Combined with SEM, the grid method has been used for speckle patterning method in the microscale deformation characterization. Biery et al. [151] have measured strains at the scale of the microstructure of gamma-TiAl alloys. The polished samples were gridded by evaporating gold through a 1500 line-per-inch nickel mesh as the speckle pattern. Biery et al. [152] have measured the local straining in γ-titanium aluminides using gridding by evaporating gold onto the sample surface through fine nickel grids of 1500 lines per inch. For a higher resolution combined with SEM, the nano-scale speckle pattern has been fabricated by Kammers et al. [160] using an AuNP self-assembly technique. By adjusting technical parameters, the patterns with speckle sizes ranging from tens of nanometers to hundreds of nanometers were created.
Brief Summary
Artificial techniques of spraying and airbrushing are inexpensive and can be easily operated. For ordinary testing conditions such as tensile, compressive experiments at room temperature and elevated temperatures, this patterning technique is recommended. Micro/nano-scale speckle patterning techniques including spin coating, compressed air technique, nano-film remodeling, FIB and lithography are mainly used for the high magnification optical microscopes, SEM, AFM, etc. Scratching/abrading is simple and easily operable, but is surface damaging. Spin coating, compressed air technique and nano-film remodeling are potential techniques due to their low cost and high efficiency. FIB and lithography are usually expensive and time consuming. The detailed summary of the patterning methods are shown in Table 5.

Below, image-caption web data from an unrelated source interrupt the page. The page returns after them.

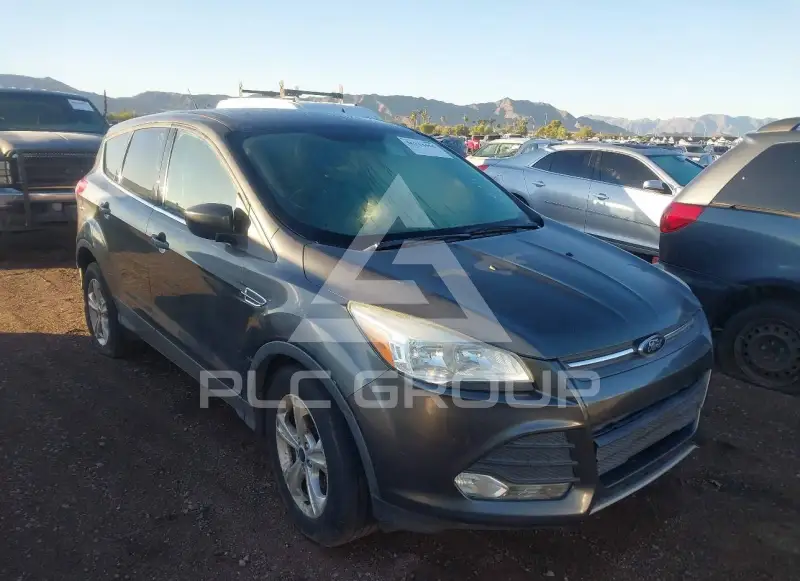 2016 Ford ESCAPE photo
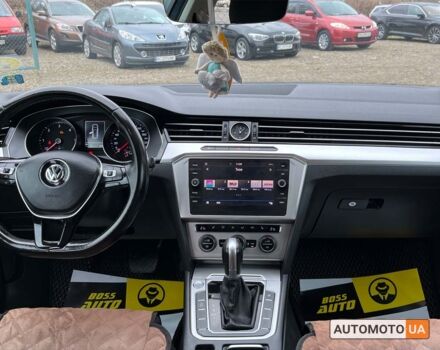 Синій Фольксваген Пассат, об'ємом двигуна 2 л та пробігом 248 тис. км за 17200 $, фото 19 на Automoto.ua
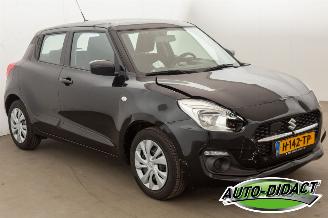 Suzuki Swift 1.2 45.886 km Airco Comfort Smart Hybrid picture 2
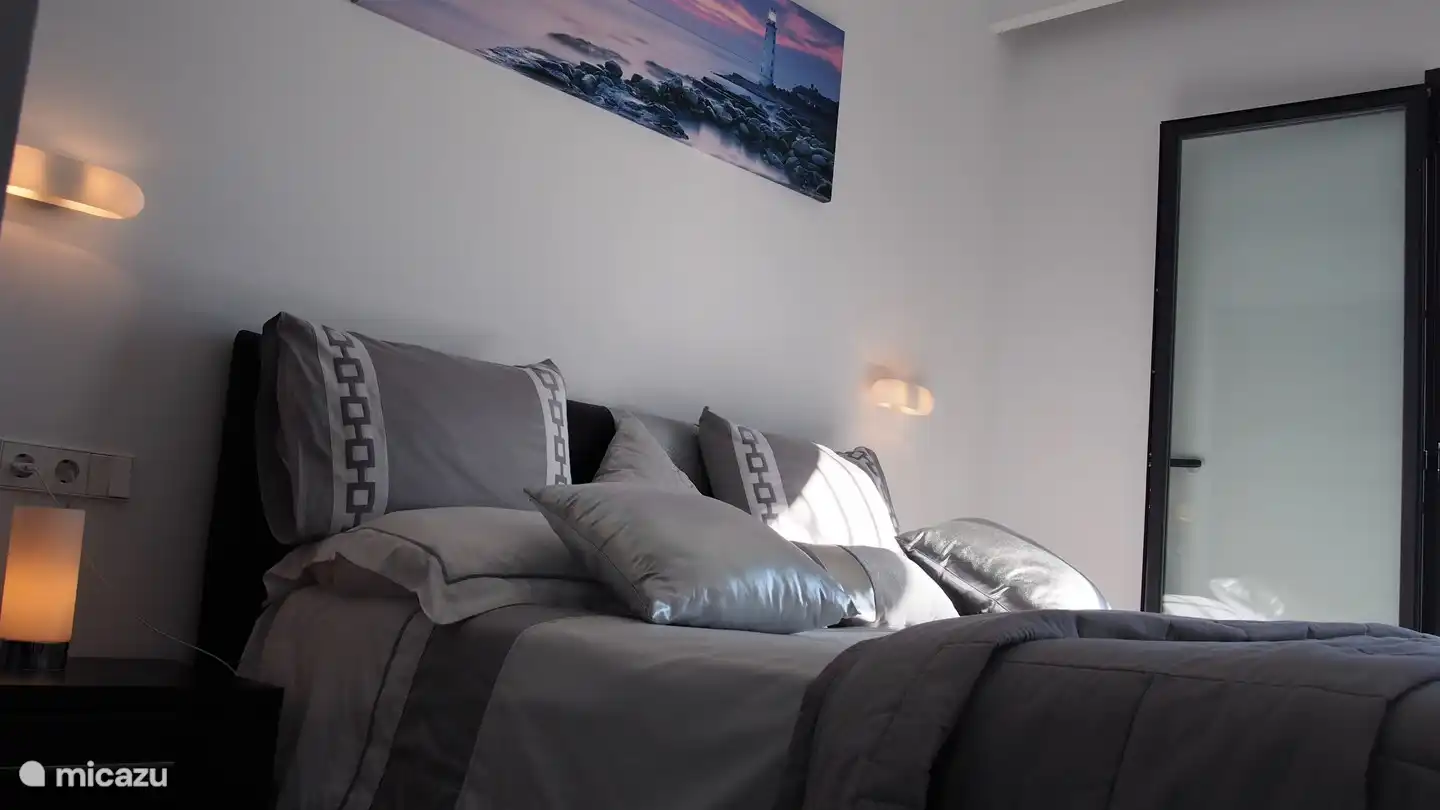 Luxusschlafzimmer mit geräumigem Doppelbett, direkt am modernen Badezimmer gelegen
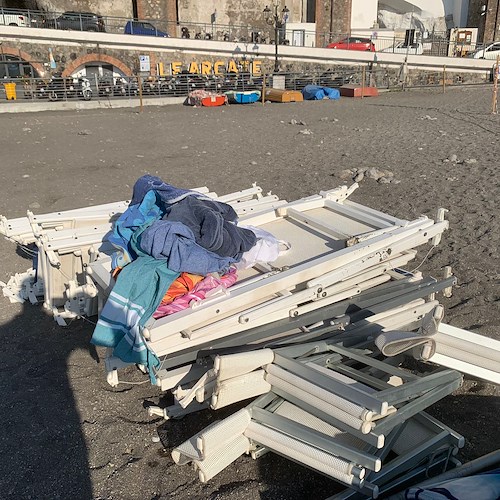 Abusivismo, ad Atrani sequestrate attrezzature da spiaggia: blitz di Capitaneria di Porto e Polizia Municipale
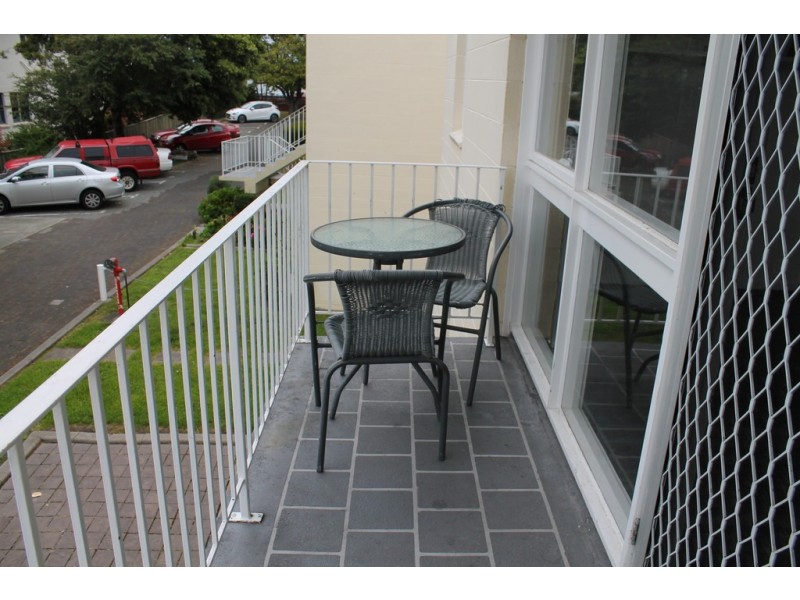 11/5 Beach Road, Sandy Bay TAS 7005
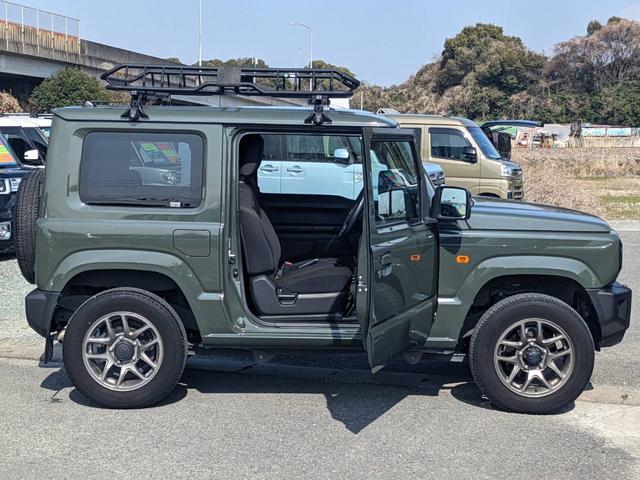 ジムニー XC 4WD 5MT SDナビ 衝突軽減ブレーキ Bluetooth フルセグTV ドラレコ ルーフキャリア ETC クルーズコントロール レーン逸脱警報 シートヒーター LEDヘッドライト リアマッドフラップ オートライト ターボ 背面タイヤカバー(37枚目)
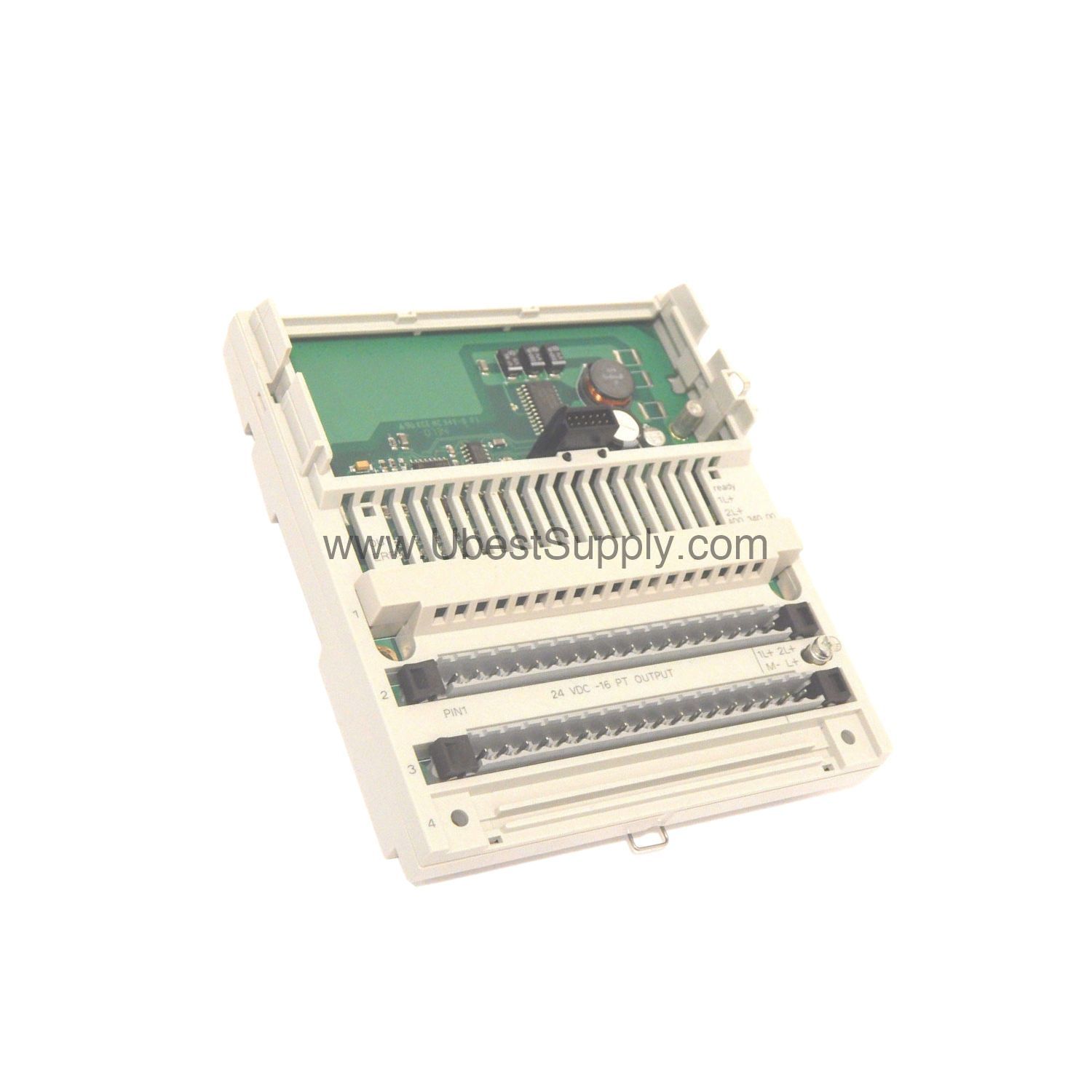 Figure 2: Technical layout and connection details for the Schneider 170ADO34000 industrial automation component.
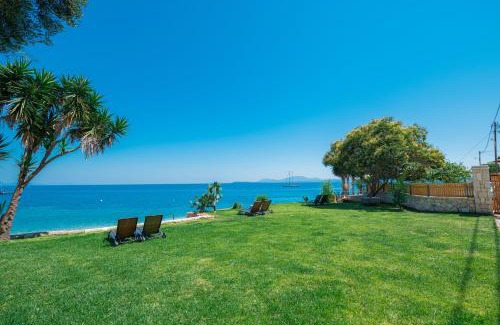 Katavolos Apartment | The Beach House Kaminaki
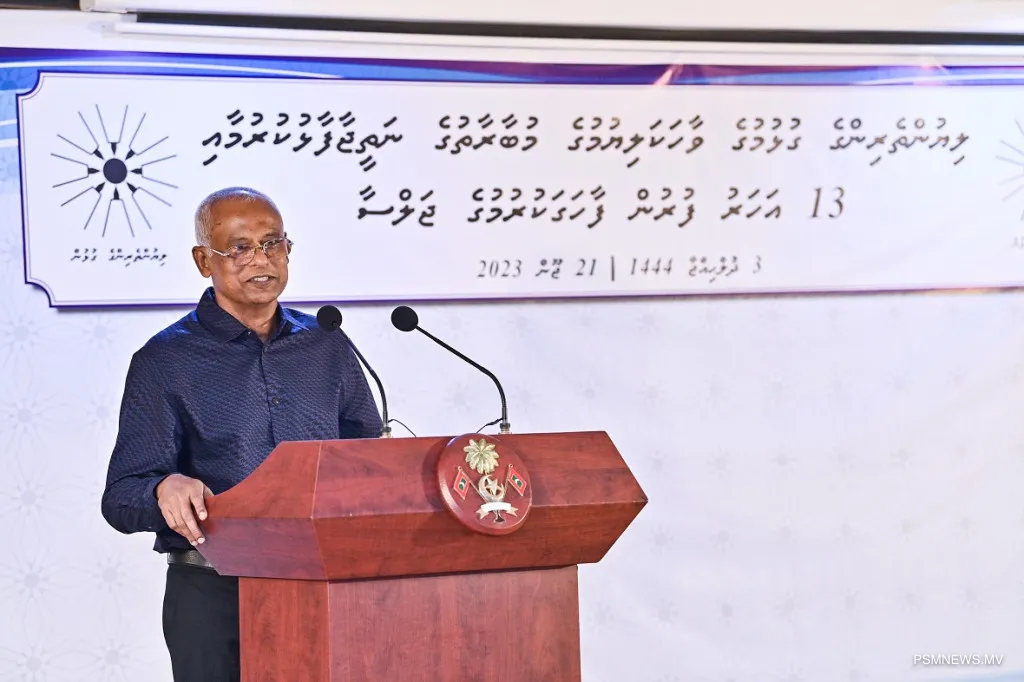 ދިވެހި ބަހުގެ ލިޔުންތައް އިތުރުކޮށް، ބަހަށް ޒުވާނުން ޝައުގުވެރިކުރުވަން ރައީސް ގޮވާލައްވައިފި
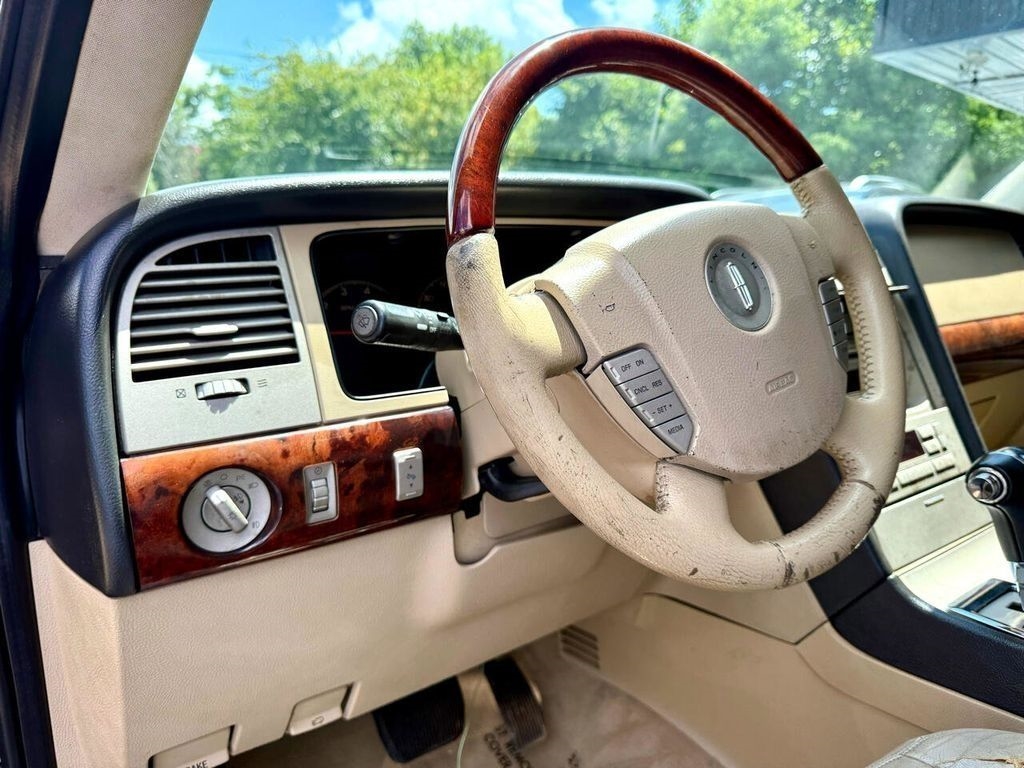 Lincoln Navigator 2WD Luxury 2006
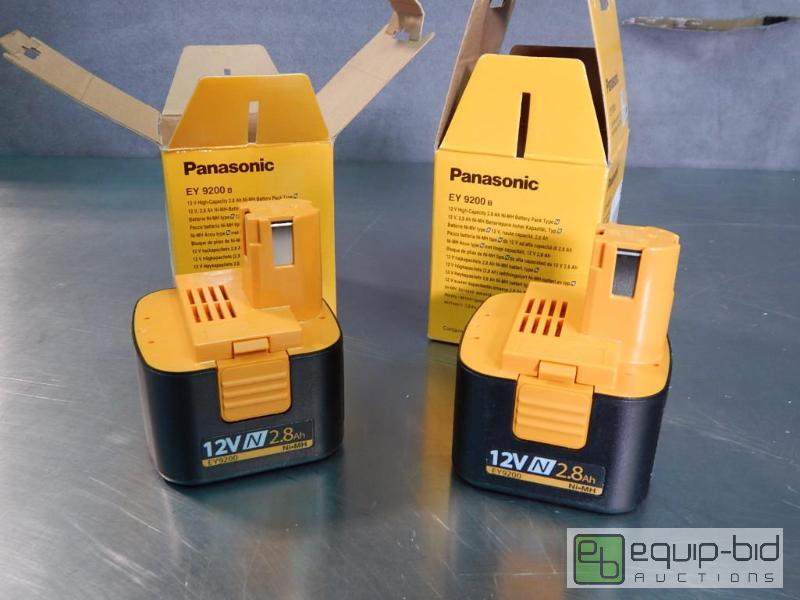 lot 2518 image: Panasonic Batterys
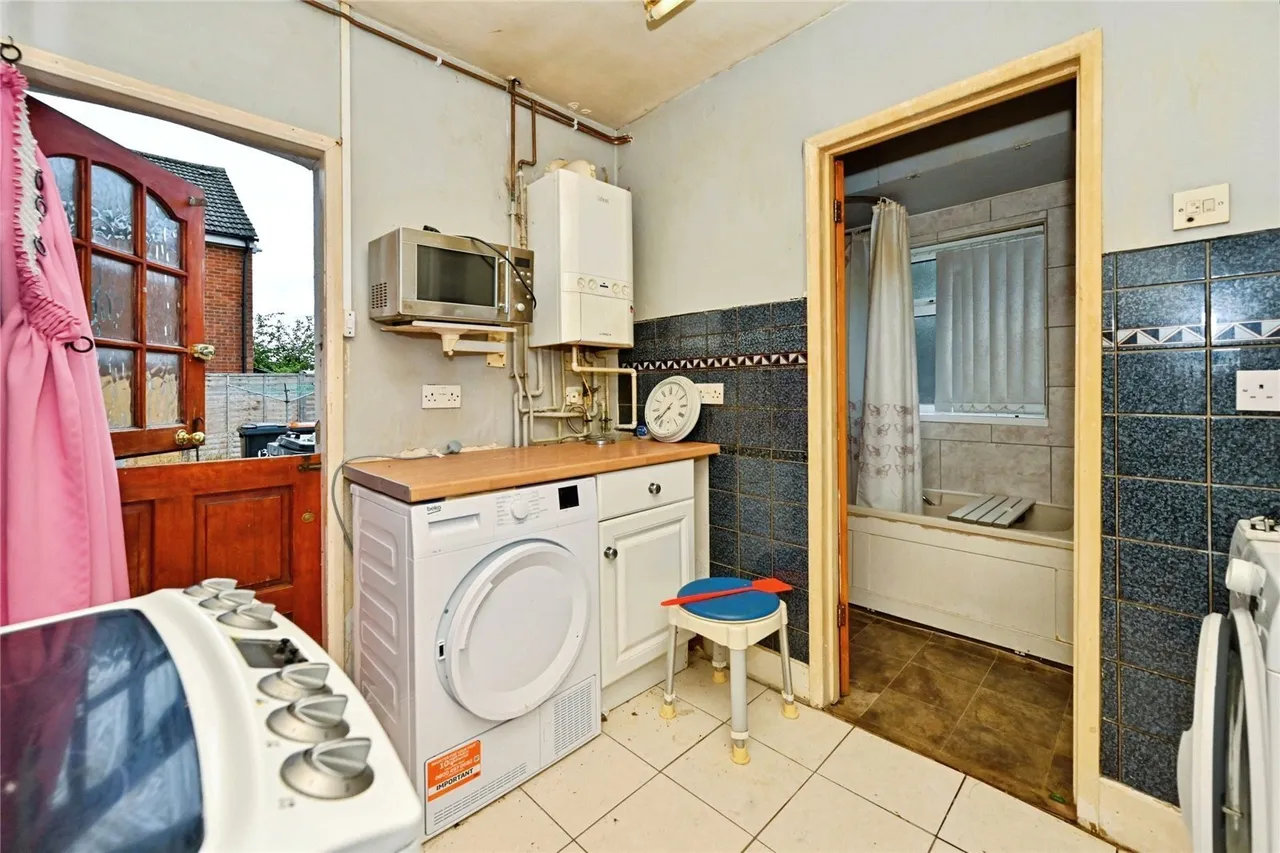 High Street North, Dunstable, Bedfordshire, LU6, photo 8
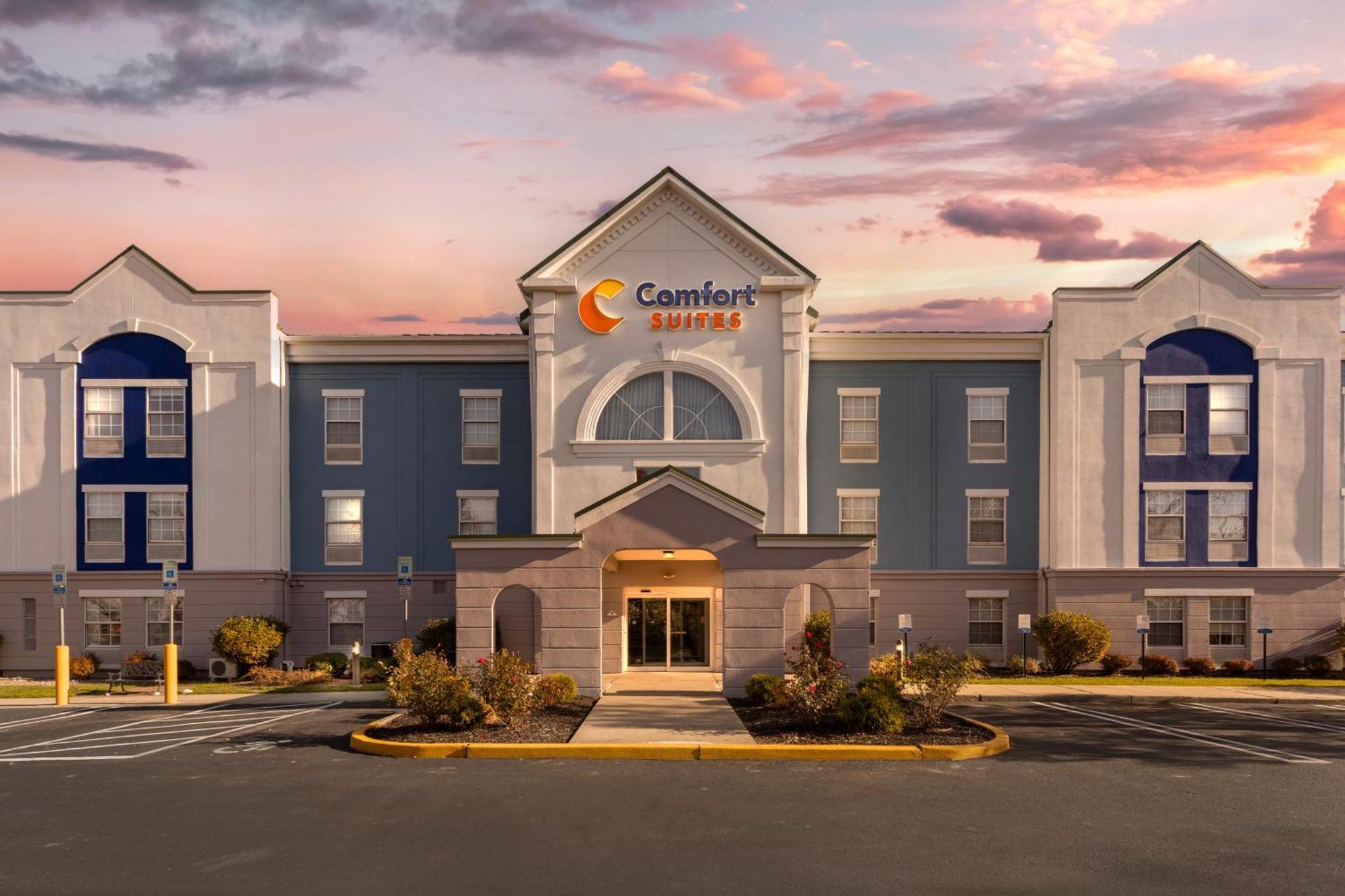 Comfort Suites East Brunswick - South River Exterior foto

Speckle Pattern Assessment
Patterns fabricated using different techniques by different operators may have different qualities. Quality assessment metrics have been proposed as a series of parameters in literature. A common practice is to divide into the local and global parameters. This section will summarize the existing metrics for the assessment of the speckle pattern quality.
Local Parameters
Local parameters aim to quantify the speckle pattern with individual subsets and are expected to help with the optimal selection of subset sizes. Various local parameters have been proposed and their definitions are listed in Table 6, including subset entropy presented by Sun et al. [10], mean subset fluctuation by Hua et al. [14] and SSSIG by Pan et al. [11]. Note that the parameters of subset entropy and mean subset fluctuation are related to SSSIG to some extent. For example, by defining \( \left|\nabla f\left({x}_i,{y}_i\right)\right|=\sqrt{f_x{\left({x}_i,{y}_i\right)}^2+{f}_y{\left({x}_i,{y}_i\right)}^2} \)(where f x (x i , y i ) and f y (x i , y i ) are the first derivatives of the intensity gray value of f(x i , y i ) at pixel coordinate (x i , y i ) and carefully choosing the discrete estimations of the derivatives, the two metrics are equivalent of subset entropy and SSSIG, save for a scaling term. However, it should be noted that subset entropy and mean subset fluctuation are derived empirically without solid theoretical basis, while SSSIG is an outcome of substantial theoretical error analysis performed for subpixel registration algorithms.
As given in Table 1, theoretical error analysis of the classic FA-NR algorithm and the state-of-the-art IC-GN algorithm performed by different research groups [45,46,47,48,49,50,51] all revealed that both the accuracy and precision of the measured displacements are inversely proportional to SSSIG. For this reason, SSSIG has been considered as the most effective and widely adopted local parameter for quantitative quality assessment of speckle patterns within a single subset [13, 21]. It is worth noting that, since the precision of DIC measurements can be accurately predicted by the known noise level of the image as well as SSSIG [11], Pan et al. further proposed a method for the optimal selection of subset size by adjusting SSSIG to preset values to suppress the adverse influence of image noise. The same idea has also been extended to subvolume size selection [167] for internal displacement field analysis using digital volume correlation.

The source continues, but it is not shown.